God’s Plan for the Church

by Doug Ponder June 7, 2016

What’s the Point of the Church?

A few years ago, a pastor in my hometown took an online poll of all his friends. He asked, “What is the point of the church?” After a few hours, dozens of people had commented on the post. Answers ranged from personal opinions to Scriptural references to Westminster Catechism quotations.

By far the most interesting comment was not a response to the question, but an observation about the wildly divergent answers. The comment read, “If you ask any of the employees at Chick-Fil-A what the purpose of the company is, they will all say the same thing. Everyone knows it. Yet these posts show that Christians have very different understandings of what the point of the church is. If Jesus died for the church, shouldn’t we know its purpose?”

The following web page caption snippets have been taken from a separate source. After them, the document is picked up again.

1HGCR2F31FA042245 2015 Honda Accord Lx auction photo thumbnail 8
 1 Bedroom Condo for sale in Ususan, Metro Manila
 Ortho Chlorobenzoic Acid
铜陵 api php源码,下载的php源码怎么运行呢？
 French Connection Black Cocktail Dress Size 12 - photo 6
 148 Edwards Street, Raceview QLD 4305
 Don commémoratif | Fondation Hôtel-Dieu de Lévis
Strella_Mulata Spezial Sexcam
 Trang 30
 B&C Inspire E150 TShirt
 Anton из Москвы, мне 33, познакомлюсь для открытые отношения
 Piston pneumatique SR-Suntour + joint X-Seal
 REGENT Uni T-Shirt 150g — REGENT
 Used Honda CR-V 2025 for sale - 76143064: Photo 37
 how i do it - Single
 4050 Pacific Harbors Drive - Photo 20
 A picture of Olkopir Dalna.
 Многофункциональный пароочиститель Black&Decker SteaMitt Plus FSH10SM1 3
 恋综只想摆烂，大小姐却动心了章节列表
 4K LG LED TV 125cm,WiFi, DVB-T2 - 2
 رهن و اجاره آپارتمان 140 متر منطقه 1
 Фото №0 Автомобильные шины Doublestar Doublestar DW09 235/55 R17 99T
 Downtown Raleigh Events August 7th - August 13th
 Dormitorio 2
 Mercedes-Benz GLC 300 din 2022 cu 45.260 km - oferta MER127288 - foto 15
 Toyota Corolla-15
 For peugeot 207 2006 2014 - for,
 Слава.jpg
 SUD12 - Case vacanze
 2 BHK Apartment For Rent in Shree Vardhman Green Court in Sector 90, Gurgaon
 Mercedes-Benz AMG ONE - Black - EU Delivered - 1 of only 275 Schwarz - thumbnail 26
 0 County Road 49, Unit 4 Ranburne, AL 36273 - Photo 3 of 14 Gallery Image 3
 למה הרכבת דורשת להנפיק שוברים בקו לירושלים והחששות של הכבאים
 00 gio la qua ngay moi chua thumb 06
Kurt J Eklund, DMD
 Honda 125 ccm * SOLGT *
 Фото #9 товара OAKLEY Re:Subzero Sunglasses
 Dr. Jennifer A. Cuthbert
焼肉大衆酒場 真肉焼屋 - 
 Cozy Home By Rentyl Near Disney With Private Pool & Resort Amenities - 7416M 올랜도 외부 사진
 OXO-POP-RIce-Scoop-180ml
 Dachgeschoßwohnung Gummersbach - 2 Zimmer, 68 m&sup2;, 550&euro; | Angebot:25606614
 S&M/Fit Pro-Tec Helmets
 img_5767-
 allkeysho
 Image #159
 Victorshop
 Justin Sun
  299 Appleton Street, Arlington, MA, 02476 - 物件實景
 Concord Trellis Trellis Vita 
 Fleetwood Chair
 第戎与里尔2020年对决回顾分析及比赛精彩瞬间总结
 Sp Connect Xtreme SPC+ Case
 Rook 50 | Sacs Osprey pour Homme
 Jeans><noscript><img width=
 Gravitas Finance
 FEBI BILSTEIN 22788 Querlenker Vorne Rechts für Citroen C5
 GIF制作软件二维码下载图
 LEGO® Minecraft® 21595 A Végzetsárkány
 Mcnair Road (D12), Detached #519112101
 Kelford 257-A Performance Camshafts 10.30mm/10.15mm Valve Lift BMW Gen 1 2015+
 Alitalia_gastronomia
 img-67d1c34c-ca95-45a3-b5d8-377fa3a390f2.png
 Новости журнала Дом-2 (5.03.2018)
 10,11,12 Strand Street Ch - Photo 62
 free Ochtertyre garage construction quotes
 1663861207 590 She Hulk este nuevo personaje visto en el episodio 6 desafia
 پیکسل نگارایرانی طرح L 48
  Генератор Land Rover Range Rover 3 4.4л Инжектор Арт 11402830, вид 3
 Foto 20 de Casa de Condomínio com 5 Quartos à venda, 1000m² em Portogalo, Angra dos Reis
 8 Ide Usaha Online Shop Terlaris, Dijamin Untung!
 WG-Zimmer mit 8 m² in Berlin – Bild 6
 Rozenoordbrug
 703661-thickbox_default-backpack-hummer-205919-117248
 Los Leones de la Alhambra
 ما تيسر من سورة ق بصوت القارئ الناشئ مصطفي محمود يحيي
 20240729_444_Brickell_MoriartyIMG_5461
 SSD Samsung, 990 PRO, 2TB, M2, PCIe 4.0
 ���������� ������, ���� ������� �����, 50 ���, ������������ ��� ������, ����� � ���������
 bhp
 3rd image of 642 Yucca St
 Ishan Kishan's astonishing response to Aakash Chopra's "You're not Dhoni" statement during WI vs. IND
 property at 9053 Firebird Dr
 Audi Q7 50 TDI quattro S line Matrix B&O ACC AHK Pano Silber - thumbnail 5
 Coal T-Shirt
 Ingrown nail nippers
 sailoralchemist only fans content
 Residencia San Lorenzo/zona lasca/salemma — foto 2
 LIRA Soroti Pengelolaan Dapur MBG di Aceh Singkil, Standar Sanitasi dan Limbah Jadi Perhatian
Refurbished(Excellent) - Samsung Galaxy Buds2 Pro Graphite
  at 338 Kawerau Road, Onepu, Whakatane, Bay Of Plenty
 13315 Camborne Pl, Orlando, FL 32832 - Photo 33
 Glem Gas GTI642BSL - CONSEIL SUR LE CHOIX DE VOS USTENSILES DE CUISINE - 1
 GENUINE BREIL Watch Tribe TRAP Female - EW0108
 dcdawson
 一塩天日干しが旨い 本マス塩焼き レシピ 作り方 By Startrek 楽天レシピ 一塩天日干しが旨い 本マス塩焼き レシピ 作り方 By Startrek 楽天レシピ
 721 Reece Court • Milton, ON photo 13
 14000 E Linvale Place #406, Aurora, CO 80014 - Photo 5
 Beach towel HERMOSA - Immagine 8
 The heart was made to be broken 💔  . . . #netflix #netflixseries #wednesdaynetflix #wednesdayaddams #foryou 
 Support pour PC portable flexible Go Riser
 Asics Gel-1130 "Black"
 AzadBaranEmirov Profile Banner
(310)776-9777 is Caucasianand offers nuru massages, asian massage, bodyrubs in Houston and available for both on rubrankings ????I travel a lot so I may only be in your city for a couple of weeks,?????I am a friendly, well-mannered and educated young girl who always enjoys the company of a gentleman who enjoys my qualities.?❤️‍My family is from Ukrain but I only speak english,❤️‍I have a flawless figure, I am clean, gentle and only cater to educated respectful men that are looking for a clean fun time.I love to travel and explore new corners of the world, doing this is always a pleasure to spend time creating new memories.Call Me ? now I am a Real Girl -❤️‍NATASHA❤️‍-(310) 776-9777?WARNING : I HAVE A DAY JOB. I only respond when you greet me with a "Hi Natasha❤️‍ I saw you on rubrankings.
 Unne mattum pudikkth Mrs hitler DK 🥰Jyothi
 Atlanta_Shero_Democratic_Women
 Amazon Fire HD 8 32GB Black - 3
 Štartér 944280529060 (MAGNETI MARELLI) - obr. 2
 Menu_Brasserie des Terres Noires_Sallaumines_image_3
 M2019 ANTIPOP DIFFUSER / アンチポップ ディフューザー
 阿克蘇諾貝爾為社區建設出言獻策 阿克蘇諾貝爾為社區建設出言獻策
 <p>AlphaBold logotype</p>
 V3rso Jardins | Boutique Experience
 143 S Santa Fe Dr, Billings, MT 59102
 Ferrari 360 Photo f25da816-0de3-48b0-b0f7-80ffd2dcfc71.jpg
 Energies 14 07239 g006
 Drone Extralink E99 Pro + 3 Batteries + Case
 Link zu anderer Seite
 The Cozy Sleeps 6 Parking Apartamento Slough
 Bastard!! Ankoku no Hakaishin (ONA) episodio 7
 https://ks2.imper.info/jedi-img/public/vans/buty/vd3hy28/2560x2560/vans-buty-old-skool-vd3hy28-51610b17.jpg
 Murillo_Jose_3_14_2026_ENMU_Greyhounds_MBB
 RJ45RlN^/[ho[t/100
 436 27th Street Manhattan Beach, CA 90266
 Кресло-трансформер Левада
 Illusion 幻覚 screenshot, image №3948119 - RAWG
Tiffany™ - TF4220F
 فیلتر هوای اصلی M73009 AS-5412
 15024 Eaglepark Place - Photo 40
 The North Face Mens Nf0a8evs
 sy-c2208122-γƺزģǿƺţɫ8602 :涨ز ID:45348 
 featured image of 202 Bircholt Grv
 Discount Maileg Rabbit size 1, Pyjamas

Our modern confusion stands at odds with the early church’s strong sense of purpose. Jesus’ first followers were constantly involved in spreading the good news about his death and resurrection (Matt. 28:18-20). Then, as these followers joined together in communities where Jesus was treasured and people were cared for (Acts 2:37-47), their long-term strategy for spreading the good news about Jesus was starting more churches. (It is no accident that most of the New Testament is comprised of letters written to what we might call “church plants.”) Finally, these new churches were started as leaders were equipped to share the gospel boldly, to serve God faithfully, and to start even more churches (Acts 14:21-23; 2 Tim. 2:1-2; Titus 1:5-9).

The Place of the Church in the Mission of God

According to the Scriptures, this world is created for, fallen from, and being reconciled to God (Col. 1:15-20; Eph. 1:3-10; John 1:1-18). God’s actions in the midst of this sequence of creation, fall, and redemption are called the “mission of God,” because it describes what God is doing in the world as well as how and why he does so.

Essentially, God is at work to fill the world with people who recognize his surpassing value, goodness, beauty, wisdom, and power. “The whole earth is full of his glory” (Isa. 6:3), but one day “the earth will be filled with the knowledge of the glory of the Lord as the waters cover the sea” (Hab. 2:14)—everything that happens in between those realities is mission. Christians, then, are the people who live in active anticipation of that coming day, and they do so as people who have been rescued by God through the death and resurrection of Jesus to share in God’s new world—a world without pain, frustration, sickness, sin, or death.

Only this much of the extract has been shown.